**Records**
□ □ □
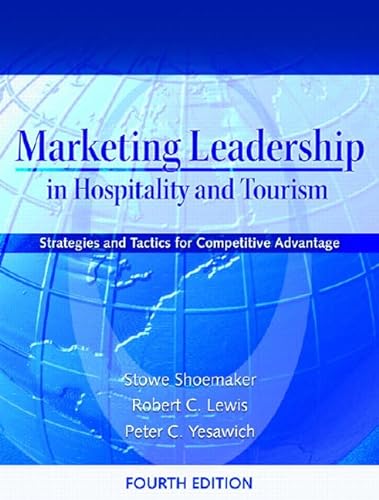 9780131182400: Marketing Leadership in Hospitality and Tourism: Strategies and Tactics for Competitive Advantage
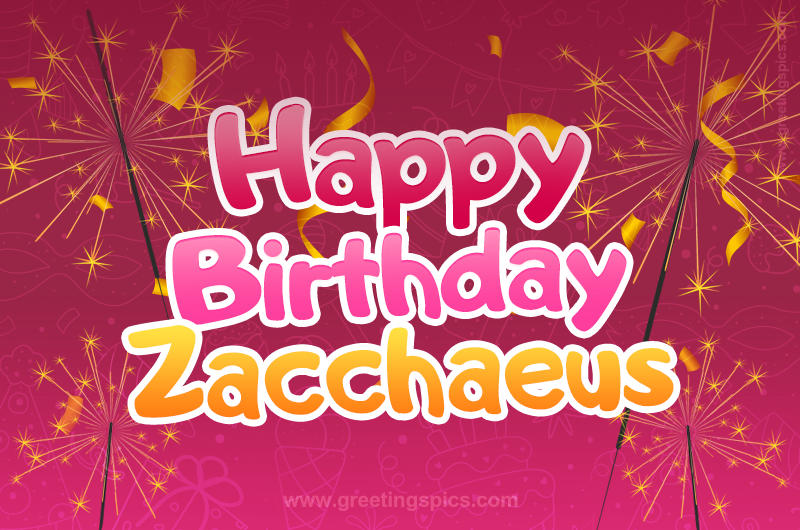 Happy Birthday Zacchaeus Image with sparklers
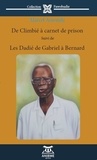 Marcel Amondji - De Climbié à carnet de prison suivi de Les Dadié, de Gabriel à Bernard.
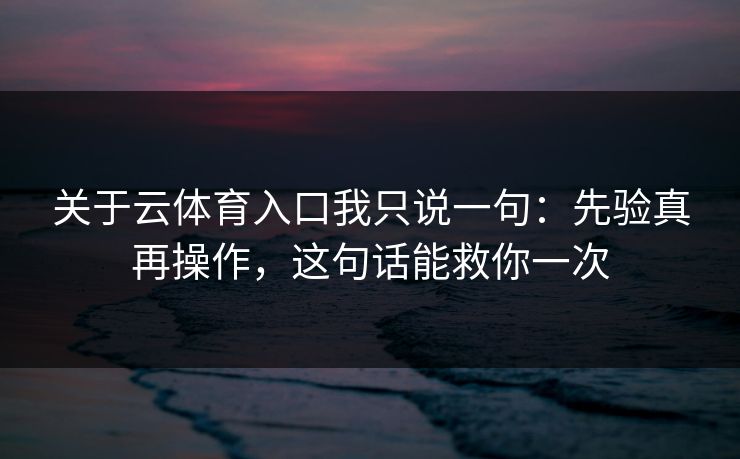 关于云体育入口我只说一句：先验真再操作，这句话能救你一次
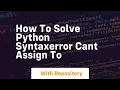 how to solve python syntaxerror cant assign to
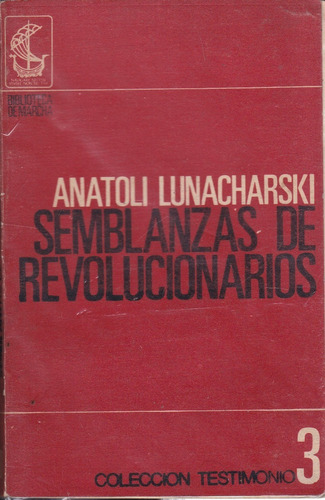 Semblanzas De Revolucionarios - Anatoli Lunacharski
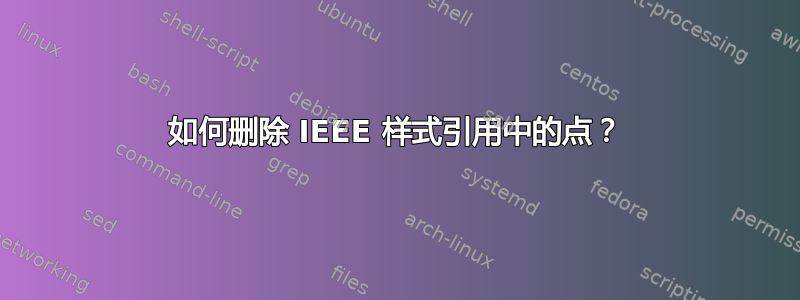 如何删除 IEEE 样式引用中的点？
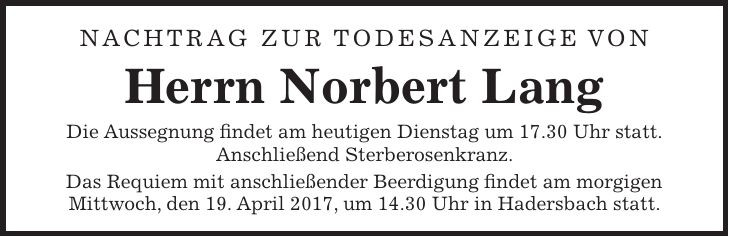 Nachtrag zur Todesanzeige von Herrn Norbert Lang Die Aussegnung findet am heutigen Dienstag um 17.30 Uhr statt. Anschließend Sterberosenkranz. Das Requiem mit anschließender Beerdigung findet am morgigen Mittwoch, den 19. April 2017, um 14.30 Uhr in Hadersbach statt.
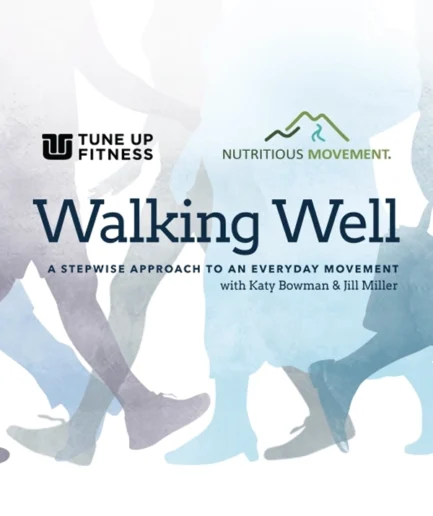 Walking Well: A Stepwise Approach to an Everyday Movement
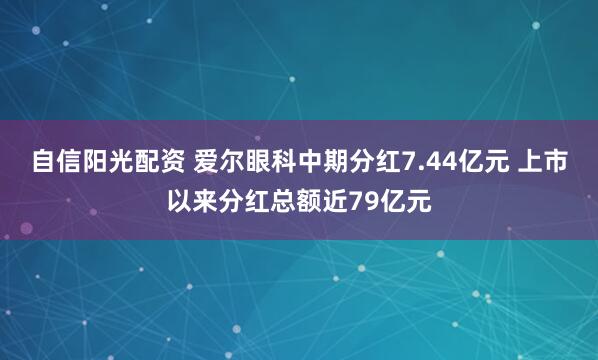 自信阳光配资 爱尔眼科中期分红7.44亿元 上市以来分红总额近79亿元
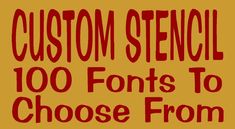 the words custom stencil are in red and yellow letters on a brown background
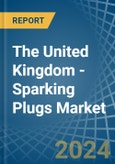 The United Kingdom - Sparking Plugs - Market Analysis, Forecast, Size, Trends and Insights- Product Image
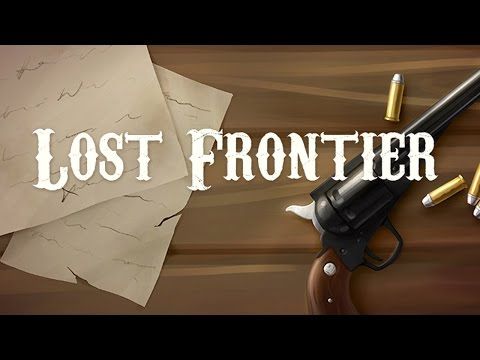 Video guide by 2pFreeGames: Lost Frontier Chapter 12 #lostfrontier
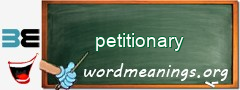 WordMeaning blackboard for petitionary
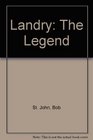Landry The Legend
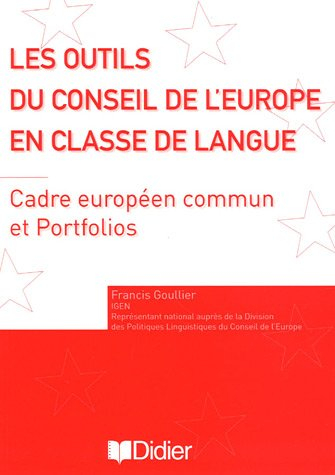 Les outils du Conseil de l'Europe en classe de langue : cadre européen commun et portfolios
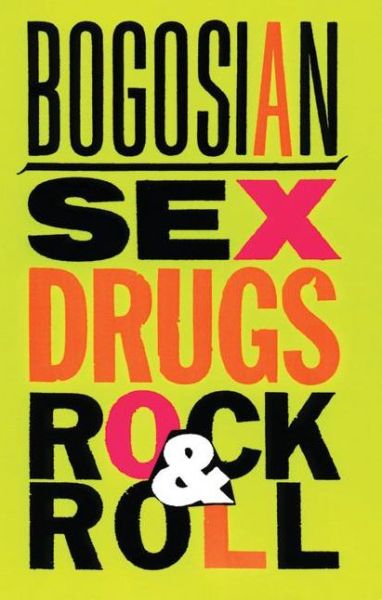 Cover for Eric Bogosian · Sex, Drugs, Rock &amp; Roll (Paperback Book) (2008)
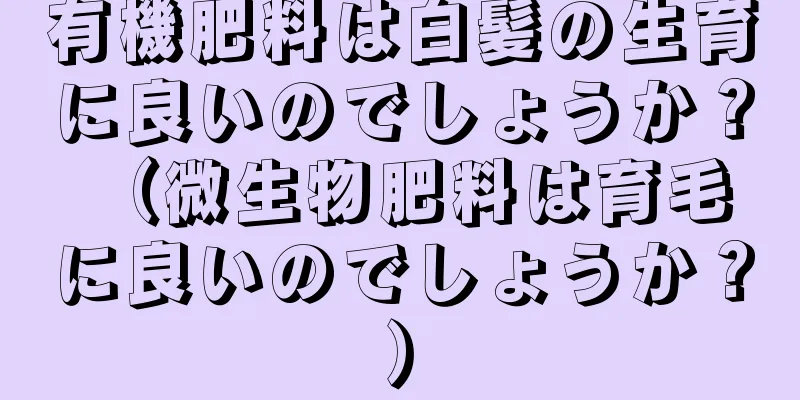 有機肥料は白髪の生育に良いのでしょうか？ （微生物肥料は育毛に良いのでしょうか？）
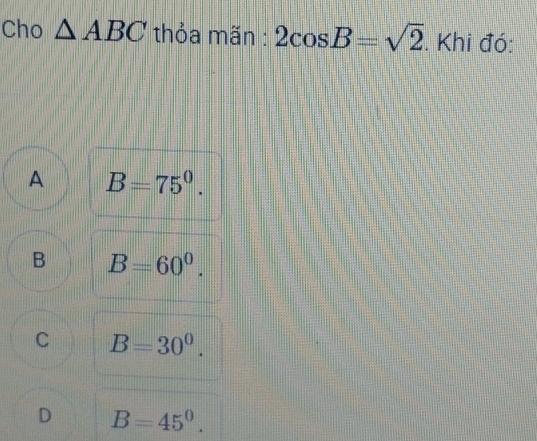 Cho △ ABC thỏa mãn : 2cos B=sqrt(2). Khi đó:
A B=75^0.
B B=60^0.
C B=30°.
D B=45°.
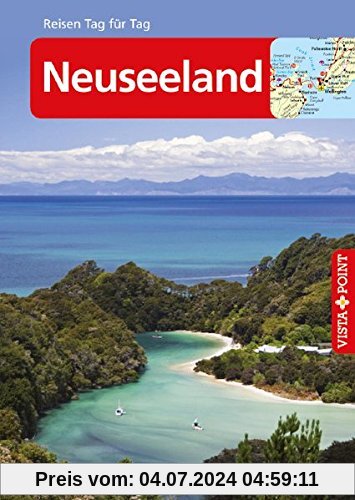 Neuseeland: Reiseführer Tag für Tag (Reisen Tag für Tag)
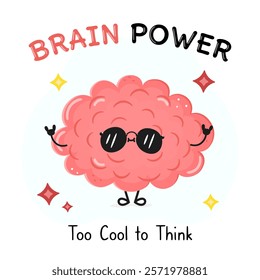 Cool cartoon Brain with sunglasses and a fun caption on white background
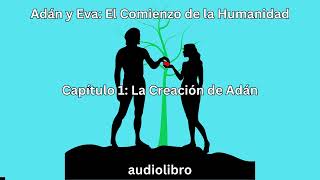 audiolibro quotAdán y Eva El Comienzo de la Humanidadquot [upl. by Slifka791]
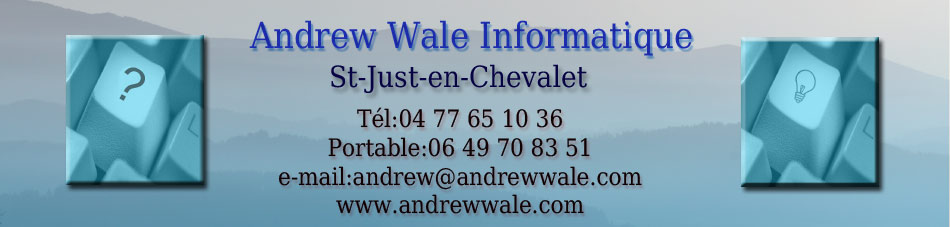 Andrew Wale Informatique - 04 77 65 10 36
□ □ □
**What the task asks**
Copy out the listing above from the line containing "The United Kingdom" to the line containing "Landry The Legend", both included, exactly as written and minus the images.

**The completed task**
 The United Kingdom - Sparking Plugs - Market Analysis, Forecast, Size, Trends and Insights- Product Image
 Video guide by 2pFreeGames: Lost Frontier Chapter 12 #lostfrontier
 WordMeaning blackboard for petitionary
Landry The Legend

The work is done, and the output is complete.